Die Hohenloher zählten zu den einflussreichsten Dynastenfamilien Frankens, ursprünglich Ministerialen der Staufer, die sich bald zu eigenständigen Reichsfürsten entwickelten. Die Linie Hohenlohe-Brauneck entstand im frühen 13. Jahrhundert, als sich der Besitz zwischen mehreren Brüdern aufteilte. Heinrich von Hohenlohe-Brauneck, einer der ersten namentlich bekannten Vertreter, war ein bedeutender Förderer kirchlicher Institutionen und nahm am Kreuzzug Kaiser Friedrichs II. teil.
Im Laufe des 14. Jahrhunderts festigten die Hohenlohe-Brauneck ihre Stellung durch geschickte Heiratspolitik. Sie verbanden sich mit anderen fränkischen und schwäbischen Adelsgeschlechtern, darunter den Grafen von Henneberg und den Herren von Castell. Dennoch blieb die Linie vergleichsweise klein und territorial zersplittert. Wirtschaftlich stützte sie sich auf Lehen, Zehntrechte und den Abbau von Bodenschätzen in ihrem Herrschaftsgebiet.

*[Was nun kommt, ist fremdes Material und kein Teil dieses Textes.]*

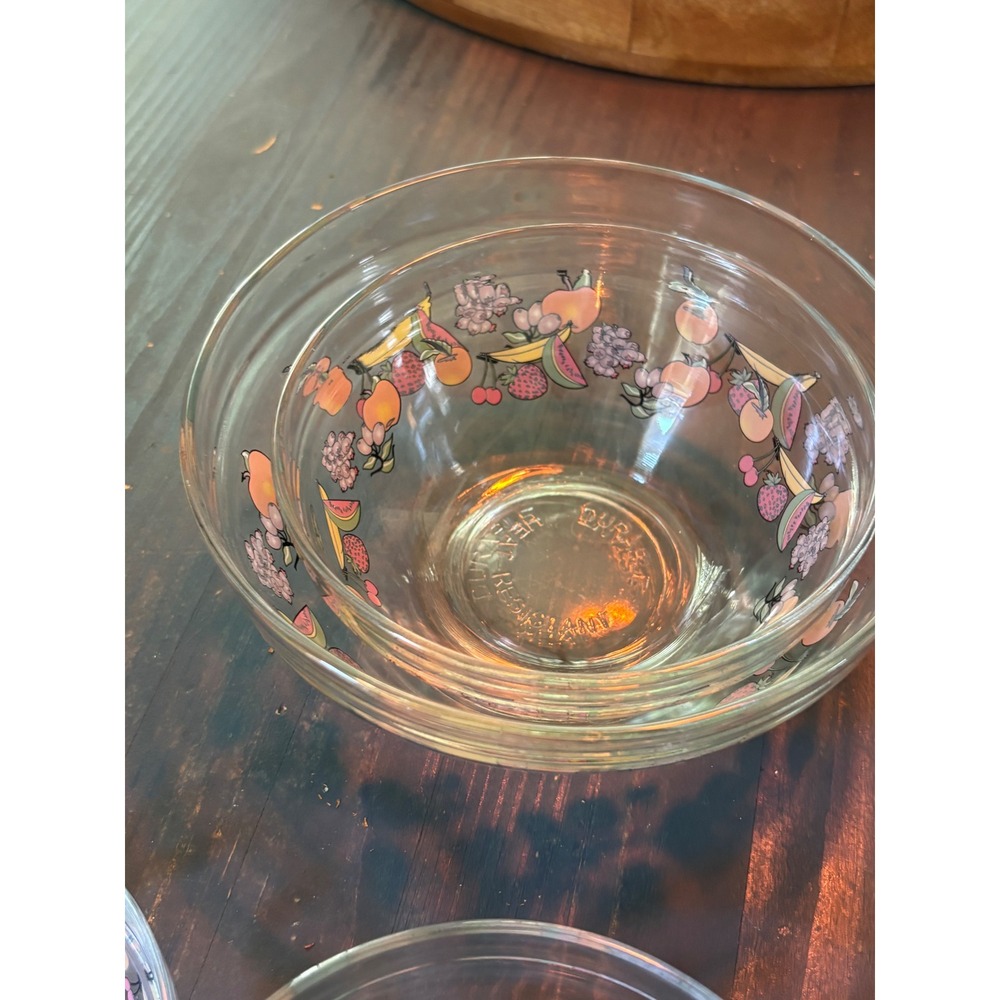 Vintage Fruit Motif Glass Nesting Mixing Bowls Set of 5 Heat Resistant Clear - Picture 8 of 12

Das Wappen der Familie zeigt in Silber zwei aufrechte schwarze Löwen, oft mit goldener Bewehrung und Zunge. Es symbolisiert Tapferkeit, Macht und Unabhängigkeit – Tugenden, die für die Hohenloher charakteristisch waren. Auf dem Helm steht ein wachsender schwarzer Löwe, flankiert von schwarz-silbernen Decken.
Heute erinnert vor allem die Burgruine Brauneck an dieses Kapitel der Hohenloher Geschichte – ein Zeugnis der Ritterherrlichkeit, Frömmigkeit und regionalen Machtpolitik des fränkischen Hochadels im Mittelalter.